Your answer must be the full listing, reproduced exactly, minus any pictures.

▶ _Supplied information_:
▽
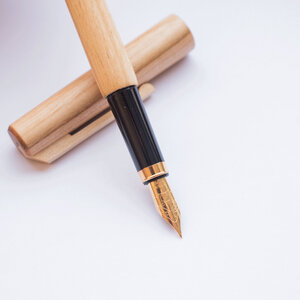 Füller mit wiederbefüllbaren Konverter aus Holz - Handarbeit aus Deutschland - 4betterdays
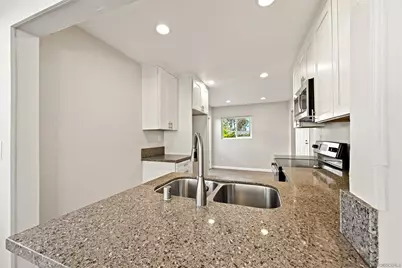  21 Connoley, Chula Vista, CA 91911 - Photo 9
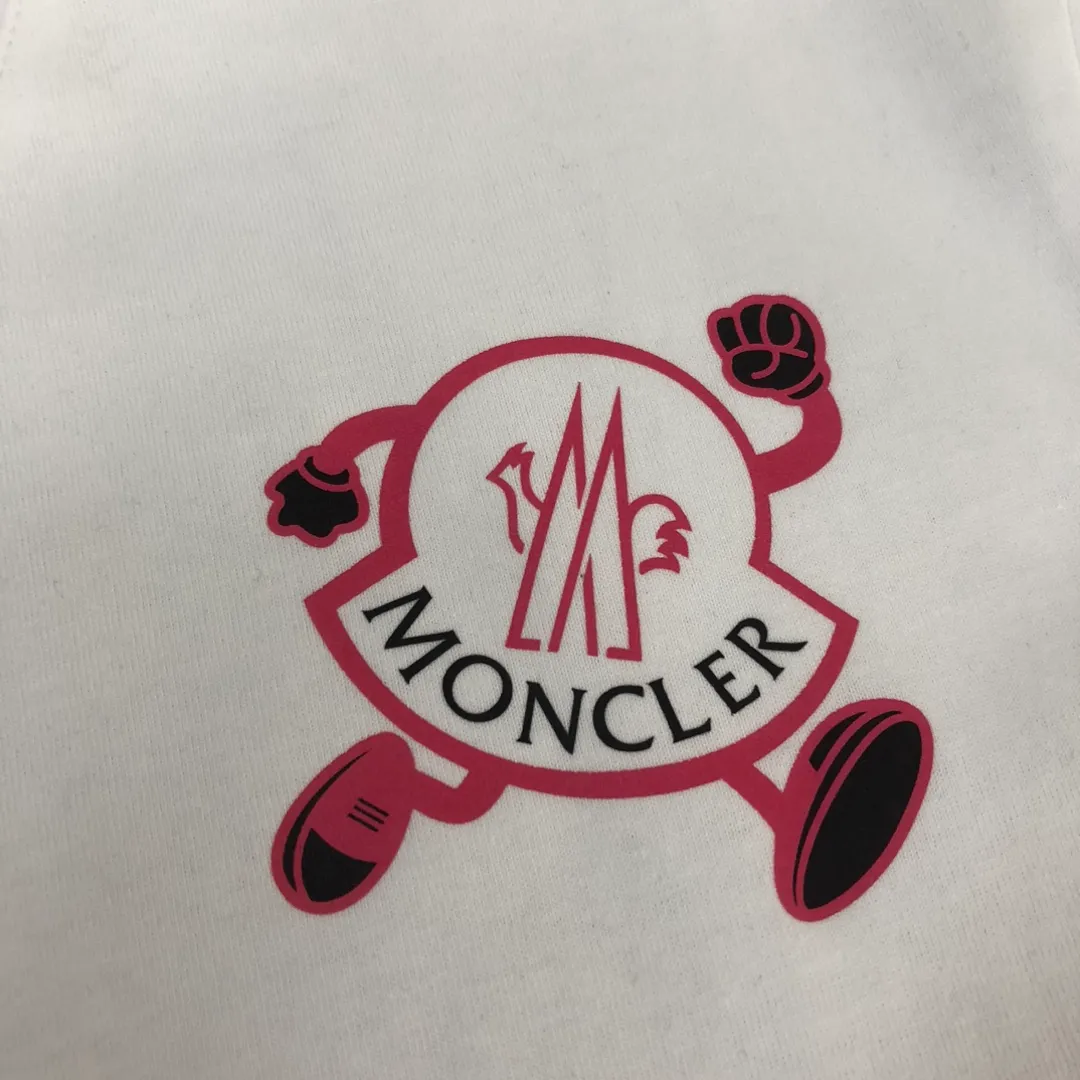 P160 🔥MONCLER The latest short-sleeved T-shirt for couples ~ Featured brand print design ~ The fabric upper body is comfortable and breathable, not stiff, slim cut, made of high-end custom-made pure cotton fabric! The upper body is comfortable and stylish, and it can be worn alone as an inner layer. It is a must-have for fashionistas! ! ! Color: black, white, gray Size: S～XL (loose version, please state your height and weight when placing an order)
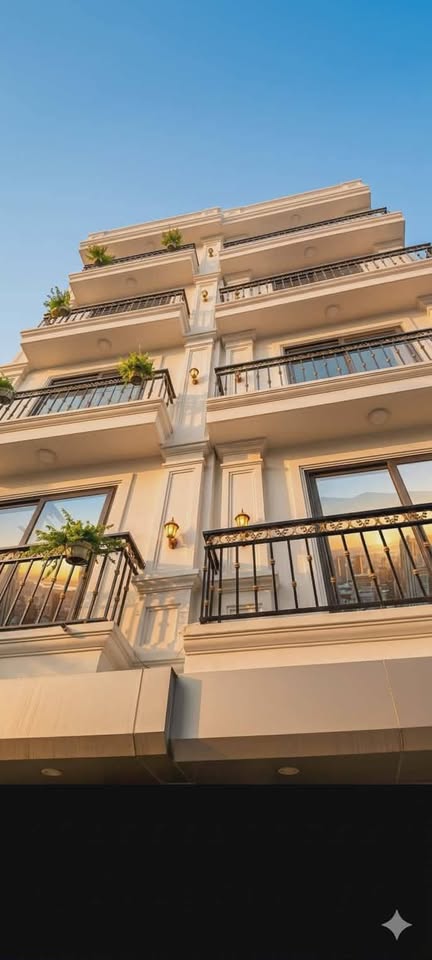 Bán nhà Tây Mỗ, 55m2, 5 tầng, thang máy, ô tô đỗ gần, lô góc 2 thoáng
△
▶ _Answer below_:
 Füller mit wiederbefüllbaren Konverter aus Holz - Handarbeit aus Deutschland - 4betterdays
  21 Connoley, Chula Vista, CA 91911 - Photo 9
 P160 🔥MONCLER The latest short-sleeved T-shirt for couples ~ Featured brand print design ~ The fabric upper body is comfortable and breathable, not stiff, slim cut, made of high-end custom-made pure cotton fabric! The upper body is comfortable and stylish, and it can be worn alone as an inner layer. It is a must-have for fashionistas! ! ! Color: black, white, gray Size: S～XL (loose version, please state your height and weight when placing an order)
 Bán nhà Tây Mỗ, 55m2, 5 tầng, thang máy, ô tô đỗ gần, lô góc 2 thoáng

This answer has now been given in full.